Last Updated Oct 21, 2009 2:42 PM EDT

A raft of consumer horror stories about bank overdrafts has spurred two key legislators to propose law to prohibit a variety of overdraft practices that consumers say allow banks to unjustly inflate their fees.

Senate Banking Committee Chairman Chris Dodd, D-CT, and Rep. Carolyn Maloney, D-NY, introduced the Fairness and Accountability in Receiving Overdraft Coverage Act--dubbed FAIR--earlier this week in both the House and the Senate.

The bill would:
  • Require customer consent before a bank can enroll customers in an overdraft protection program for ATM and debit card transactions.
  • Limit the number of overdraft fees banks can charge to one per month and six per year.
  • Require fees to relate to the actual cost of processing the overdraft.
  • Stop "reordering" of transactions to rack up extra fees.
  • Require customers notification of overdrafts by email, text or traditional mail.
Banks commonly automatically enroll their customers in overdraft protection programs today and often bar customers from opting out. Many consumers don't understand that these overdraft protection plans can allow small debit card transactions to be "approved" for an account with insufficient funds. Thus, a $4 coffee costs an additional $35 in overdraft fees.

In addition, banks often clear transactions from highest to lowest, which consumers argue unjustly boosts the number of overdraft fees they're subjected to in any given day. To crib myself (in Banks Force Consumers Into Overdrafts), here's how it works:
You use your debit card four times during the day, buying a $2 cup of coffee; a $5 sandwich; spend $25 on gas for your car and $30 for a few groceries. All these things happen early in the day when you know you have at least $100 in your account because you checked your balance on line before you went shopping. Late in the day, you pay the gardener $100, knowing that you're getting paid in the morning.

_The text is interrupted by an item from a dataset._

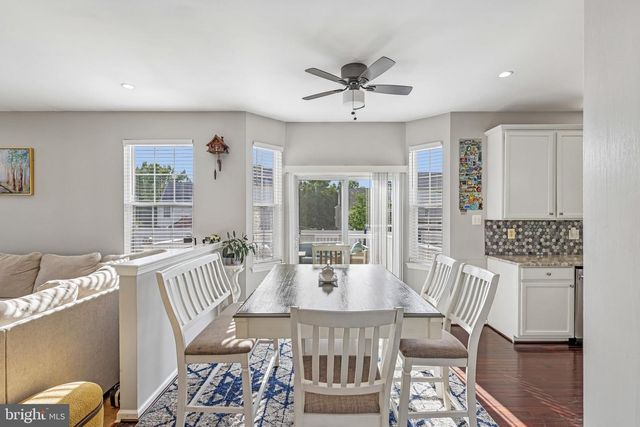 27 QUEENSBORO TER, Hightstown, NJ 08520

You don't expect the gardener to rush into the bank. He does. Your mistake. You think, "Okay, stupid me. The gardener cost me $135 this month because I'll have to eat an overdraft fee." Ah, no, naive consumer. You'll face four overdraft fees, making your momentary $62 overdraft a $140 bonanza for the bank.

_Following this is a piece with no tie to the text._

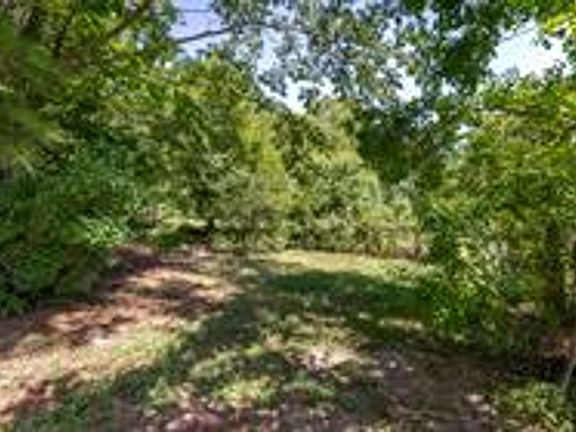 4th image of 15818 E State Highway 21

How did that happen? Your multiple debit card transactions and the check all "clear" at the end of the day. It doesn't matter that the four small transactions happened early in the day and the gardener cashed your check 5 minutes before the bank closed. The bank can see the times, but has a policy of clearing checks and debits based on size, not when they happened.
Banks have argued that "reordering" helps consumers because it reduces the chance that their big and important checks, such as mortgage and car payments, will bounce. But consumers maintain that the policy is used to boost fees.

Moeb's Services, a bank research and consulting firm, says that banks will collect $38.5 billion in overdraft fees this year, with 90% of the fees coming from just 10% of bank customers.

Several large banks--J.P. Morgan Chase, Bank of America and Wells Fargo, recently announced changes to their overdraft policies that would incorporate some of the law's proposals. However, Maloney and Dodd argue that law is needed to make the policies uniform and comprehensive.